My question is, what do I serve with it?  Bread? Salad?  Seems like all the food groups are already represented in the one dish (meat/starch/veggie), and I don't want to be redundant.  Thank you in advance

Joe


----------



## mudbug (Oct 8, 2005)

Bienvenue, Papa.  Plenty of opinions here.

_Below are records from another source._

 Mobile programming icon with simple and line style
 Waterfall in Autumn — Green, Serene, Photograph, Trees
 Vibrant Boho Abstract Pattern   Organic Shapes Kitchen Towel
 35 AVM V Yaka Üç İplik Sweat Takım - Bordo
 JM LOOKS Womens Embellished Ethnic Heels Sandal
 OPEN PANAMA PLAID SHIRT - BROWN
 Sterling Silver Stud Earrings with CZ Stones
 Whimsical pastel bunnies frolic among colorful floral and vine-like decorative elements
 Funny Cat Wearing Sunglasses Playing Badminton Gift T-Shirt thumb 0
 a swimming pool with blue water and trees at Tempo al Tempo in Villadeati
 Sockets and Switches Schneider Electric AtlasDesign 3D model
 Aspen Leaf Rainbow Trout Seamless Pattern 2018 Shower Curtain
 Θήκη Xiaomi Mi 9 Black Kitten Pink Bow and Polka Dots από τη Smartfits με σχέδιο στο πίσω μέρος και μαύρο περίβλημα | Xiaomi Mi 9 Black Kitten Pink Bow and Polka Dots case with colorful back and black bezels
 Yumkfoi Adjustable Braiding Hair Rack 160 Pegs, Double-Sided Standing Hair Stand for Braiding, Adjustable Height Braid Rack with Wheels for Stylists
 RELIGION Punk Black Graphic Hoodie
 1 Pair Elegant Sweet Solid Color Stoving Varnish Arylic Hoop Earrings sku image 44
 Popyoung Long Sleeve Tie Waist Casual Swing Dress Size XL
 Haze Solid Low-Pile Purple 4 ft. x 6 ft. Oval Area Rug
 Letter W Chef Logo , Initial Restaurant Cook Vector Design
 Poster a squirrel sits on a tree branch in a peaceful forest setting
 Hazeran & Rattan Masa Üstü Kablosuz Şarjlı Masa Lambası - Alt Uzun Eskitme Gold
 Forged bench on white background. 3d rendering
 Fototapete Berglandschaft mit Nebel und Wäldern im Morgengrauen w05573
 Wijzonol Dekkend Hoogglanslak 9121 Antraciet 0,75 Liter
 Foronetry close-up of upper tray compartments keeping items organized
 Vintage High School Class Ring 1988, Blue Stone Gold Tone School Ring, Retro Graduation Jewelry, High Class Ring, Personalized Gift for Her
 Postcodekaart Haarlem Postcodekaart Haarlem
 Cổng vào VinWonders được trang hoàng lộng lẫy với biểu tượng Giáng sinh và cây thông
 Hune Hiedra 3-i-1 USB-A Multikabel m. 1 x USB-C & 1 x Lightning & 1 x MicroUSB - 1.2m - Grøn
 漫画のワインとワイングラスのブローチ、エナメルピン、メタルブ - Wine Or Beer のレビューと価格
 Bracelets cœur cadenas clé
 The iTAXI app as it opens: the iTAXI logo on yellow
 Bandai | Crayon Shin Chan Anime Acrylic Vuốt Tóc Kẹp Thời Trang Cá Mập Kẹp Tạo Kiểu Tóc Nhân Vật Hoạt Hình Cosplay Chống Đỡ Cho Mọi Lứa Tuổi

Here's mine - use some mandarin oranges or lychees (if you can find them) as a side dish, perhaps in a salad.


----------



## texasgirl (Oct 8, 2005)

I hope you enjoy it here!!
*I have not tried this, but, it sounds good.*



*cooking spray* 
24 *wonton wrappers* 
1 *mango*, peeled, pitted and diced 
1 *cucumber*, peeled, seeded and diced 
1/2 *purple onion* finely diced 
2 tablespoons lime juice
2 tablespoons chopped cilantro (or more to taste) 
1 tablespoon olive oil
1 pinch cayenne pepper 


Preheat oven to 350°F 
Coat mini-muffin pans with cooking spray and line the molds with wonton sheets. 
Bake for 9 to 12 minutes or until golden brown. Cool. Combine remaining ingredients plus salt and pepper to taste. 
Fill each wonton with salsa and serve.


----------



## jkath (Oct 8, 2005)

You can never have too many veggies, IMO!


----------



## Constance (Oct 8, 2005)

How about some frozen egg rolls, Papa? There are some very good ones available. Just pop them in the oven and serve with a couple of dipping sauces.


----------



## Papa Joe (Oct 8, 2005)

All great suggestions guys  

I may go with a simple salad and some frozen egg rolls. I'll let you all know how the entree turns out. If it's any good I'll post the recipe .

Thanks again 

PS - Allow me to flex my ignorance a little more (I'm out of my element when it comes to asian food).  What sort of wine would go well with this?  I know it's chicken but are there any reds that would fit?

Joe


----------



## Andy M. (Oct 8, 2005)

A spicy red like zinfandel is good.  Also a slightly sweet white like a Johannesburg Riesling would do as well.


----------



## ironchef (Oct 8, 2005)

Papa Joe said:
			
		

> All great suggestions guys
> 
> I may go with a simple salad and some frozen egg rolls. I'll let you all know how the entree turns out. If it's any good I'll post the recipe .
> 
> ...


 
Because of the Asian flavors I would really, really not use a red only because there would be more of a chance that it would be hit or miss. If you really want to do red than I would recommend a Pinot Noir because it's lighter in body. A Zin may work, but a lot of Zins these days (especially coming out of Cali) are leaning more towards the bigger, full bodied type. A white would be better, and you usually can't go wrong with a Riesling like Andy suggested, but try and find a more dry Rielsing. Another good option which goes well with Asian Flavors would be a Pinot Grigio/Gris, Fume Blanc, or Sauvignon Blanc.


----------